Unless we’re talking about Lisbon and junior Quincy Thompson, in which case anyone wearing an opposite-colored jersey is advised to keep his feet moving and his head on a swivel.
Would-be punts have served as microcosm of Lisbon’s season. Thompson’s trickery, boldness and speed have helped rescue the Greyhounds from a sputtering start and into the thick of a loaded Western Class C playoff race.
“On punts, I’ll see a lane and I’ll kick it, pass, run,” Thompson said.
And run. And run again. And run some more.
Chief among the four touchdowns Thompson scored in a midseason win at Yarmouth was his 64-yard scamper after selling a fake punt.
The Clippers couldn’t complain that they hadn’t seen it on film, either.
“We don’t keep stats for punting as a rule, but now I wish we’d kept them from the beginning,” Lisbon coach Dick Mynahan said. “I do know that we fake-punted six times in a row over two games, and it led to five touchdowns. And Quincy was the one who carried the ball all five times.”
Thompson previously gambled three times at home against Oak Hill, giving Lisbon life in an eventual 21-14 loss.
Those first downs aren’t as easy to find in the box score as fumble recoveries or interceptions, but they’ve meant just as much to the Greyhounds.
“I kind of count that as a turnover,” Mynahan said. “Instead of turning the ball over to the other team, you’re getting it back.
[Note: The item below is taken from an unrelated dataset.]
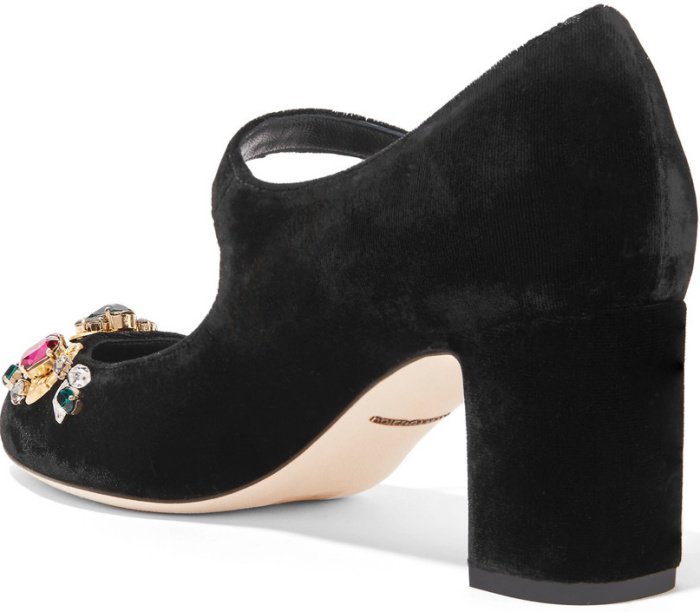 Dolce & Gabbana “Vally” Embellished Velvet Mary Jane Pumps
We feel confident in that.”
Much as a running back professes to get nowhere without his offensive line, the 5-foot-7, 180-pound Thompson typically has an escort from the downfield blocking combination of Kyle Bourget and Mason Haley.
“I look at that first down (marker), and if there’s a hole and I think I can get there, I’ll get there,” Thompson said. “We have good guys over there. I just follow them.”
Trust between athlete and coach is also essential to Thompson’s continued fourth-down success.
Rarely does a high school punt unfold near midfield without someone on the opposite sideline hollering, “Watch the fake!” Knowing the long odds, most teams don’t chance it more than once or twice per season.
“He pretty much has a green light back there. He’s not going to always do it, but when he thinks it’s there, he’s going to do it,” Mynahan said. “It’s big for us, because a lot of teams have to play us a lot more honestly and not set up for those long returns. If he gets caught, it’s OK. I don’t know if he’s been caught. Maybe once at the most.”
Thompson’s contributions don’t end with the punting game.
His 22-carry, 257-yard, 4-touchdown night at Yarmouth was tops in a series of terrific performances.
He amassed 96 rushing yards, returned a kick 55 yards and picked off a pass in the end zone to help Lisbon stave off Freeport.
At Winthrop, Thompson’s 113 yards and 3 touchdowns highlighted the Greyhounds’ initial win after an 0-2 start.
Even in a losing cause against Oak Hill, Thompson’s grab of a Hail Mary inside the 10-yard line threatened to tie the game at the end of regulation.
“I just play wherever Coach Mynahan puts me and wherever we need me,” Thompson said. “I like running back, but I also like running routes and catching the ball.”
He even played quarterback out of the wildcat formation as a sophomore — another form of direct-snap deception that October and potentially November opponents would do well to keep in the back of their minds.
“Actually, in practice he takes every other snap at quarterback. I wouldn’t be surprised if he plays half the game Saturday (home against Winslow) at quarterback,” Mynahan said. “We always try to have somebody available if we lose somebody. We’ve got him in. We just haven’t had to use him, thank God, yet.”
Mynahan’s coaching counterparts surely echo that thankfulness.